見れば、レーザーの雨を降らしながら、体を立たせた。
翼を広げ立つ姿。
巨大な存在が、更に大きく見える。
尻尾を地面に叩きつつ、メタリックな鱗が新たに輝き始める。
「まだ何かある。ベル、防げないんじゃないか?」
ここは諦めて撤退をと促そうとしたが、俺の言い方が悪かった。
「馬鹿にするなよ」
防げないとか言うんじゃなかった……。
ベルの矜持に触れたようで、赤い髪を揺らめかせる。
「グゥゥゥゥゥ――――」
赤い鱗が、夕焼けのように染まり、同様に火龍の足元の岩が赤く染まっていく。
「更に温度が上がってきてるな」
少しでも相手の動きを見定めようと、ゲッコーさんは凝視しながら口を開く。
この間にもレーザーの雨が降り注ぎ、いつ終わるのかと不安に駆られる。
「トール、今までのは序の口だったようだぞ」
火龍の体からぼたぼたと汗のような雫が垂れれば、赤く染まった岩がドロドロに溶け始めた。
マレンティを脅した時のベルの炎を思い出す。
「溶岩だ……」
ベルの時以上の溶岩。
現状の光景だけでも、圧倒的な熱を操ることが出来るというのが容易に理解できる、火龍の力。
「まさに神の領域だ」
これから何を仕掛けてくるかまだ分からないけど、次の一撃をベルは本当に受けて立つつもりなんだろうか。
「来る!」
頬を伝う汗。
懸命に防いでくれるベルに艶っぽさを感じてしまうダメな俺。
こんな状況で馬鹿な考えが浮かぶからな。
死ぬ前と、本能が伝えてるんだろうか?
だから、種を残せとばかりに、ベルに欲情しろということか?
「ハハ!」
「なんだ急に? 熱さでおかしくなったか」
「おう、おかしくなったよ」
ベルに返す俺。
欲情しろって、常にベルには欲情してますよ。
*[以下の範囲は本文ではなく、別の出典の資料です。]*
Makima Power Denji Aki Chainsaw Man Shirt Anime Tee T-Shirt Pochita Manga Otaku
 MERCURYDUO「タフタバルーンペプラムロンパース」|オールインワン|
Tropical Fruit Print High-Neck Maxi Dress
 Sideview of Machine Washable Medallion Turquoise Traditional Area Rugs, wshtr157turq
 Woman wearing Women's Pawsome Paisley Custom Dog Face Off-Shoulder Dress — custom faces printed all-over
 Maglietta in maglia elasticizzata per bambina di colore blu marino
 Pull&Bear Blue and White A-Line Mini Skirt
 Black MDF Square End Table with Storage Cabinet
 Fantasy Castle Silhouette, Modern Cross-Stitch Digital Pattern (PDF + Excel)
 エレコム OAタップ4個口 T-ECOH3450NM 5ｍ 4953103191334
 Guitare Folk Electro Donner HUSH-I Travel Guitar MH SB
俺は。
なんたって童貞だからな。
アホらしい発想が浮かぶのは、なんだかんだでベルを信じてる証拠だな。
「ガァァァァァァ――――」
ブレスと同じ動作。
違うのは四足が二足になって、開かれる口の前に、五重からなる魔法陣が顕現した事だ。
胸、腹が大きく膨らんで、体からは光を放ち、レーザーの雨に変え続ける。
こちらに反撃の隙どころか、動きすら与えてくれない無慈悲な攻撃だ。
――――俺たちの立ち位置なんて考えてくれることもなく、ブレスが吐き出される。
吐き出した炎の塊が、魔法陣を通過していく。
五重の円形魔法陣は、口元から離れるにつれ、円の直径が短くなっている。
魔法陣を通過すれば、炎も集束されていく。
五つ目を通過する時は、炎は帯状のレーザーに変わった。
降り注ぐレーザーよりも太いレーザー。
「ベル!」
「まかせろ」
おう! 任せるさ。
ここまでやってもらって逃げようなんて言えねえ。
出来る事は、恐怖なんて感じてないとばかりに、ベルの横に立つだけだ。
ジュン――――、と、ベルの炎の壁に、ぶっといレーザーが着弾。
ジュンから始まって、ジュュュュュ――――と、炎が炎を焼く音が耳朶に届いてくる。
「強がって」
俺の立つ姿に笑みを見せてくる。
「ベルも十分に強がってるよ」
「年長者がここで遅れるのはよくないよな」
ゲッコーさんも俺たちの横に並ぶ。
本音は逃げ出したいし、一人だったら間違いなくちびってる。
「なかなか、どうして……」
強気な姿は崩さないが、歯を食いしばり耐えるベルの姿。
そして――――、徐々にだが、ベルの炎が、火龍の炎に押され始める。
まるで、炎が炎を侵食するかようのな光景。
「壁が無くなれば、一瞬で消滅するわけじゃない。ひたすらにレーザーを躱しながら、華麗に戦うだけの簡単な動作をするだけさ」
「まったくだ」
俺の強がりにゲッコーさんが頷いてくれる。
――――最高だな。
最高の強がりだ。
「火龍もだが、二人とも、私をなめないでもらいたい。あの攻撃が、この壁を突破するなど不可能だ!」
俺たち以上に、最高の強がりを見せてくれるベル。
「「おわ!?」」
ベルの発する気概に、二人で声を合わせる。
合っていないのは、ゲッコーさんはよろけるだけ。
俺は尻餅だ。
ここに来てベルの炎が青に変わった。
クラーケンの時と同様の炎だ。
髪の毛が赤から青に変わる。
髪だけじゃない、眉も長い睫毛も青色だ。
青い炎と変わった障壁は、火龍のぶっといレーザーを押し返す程の力だ――――。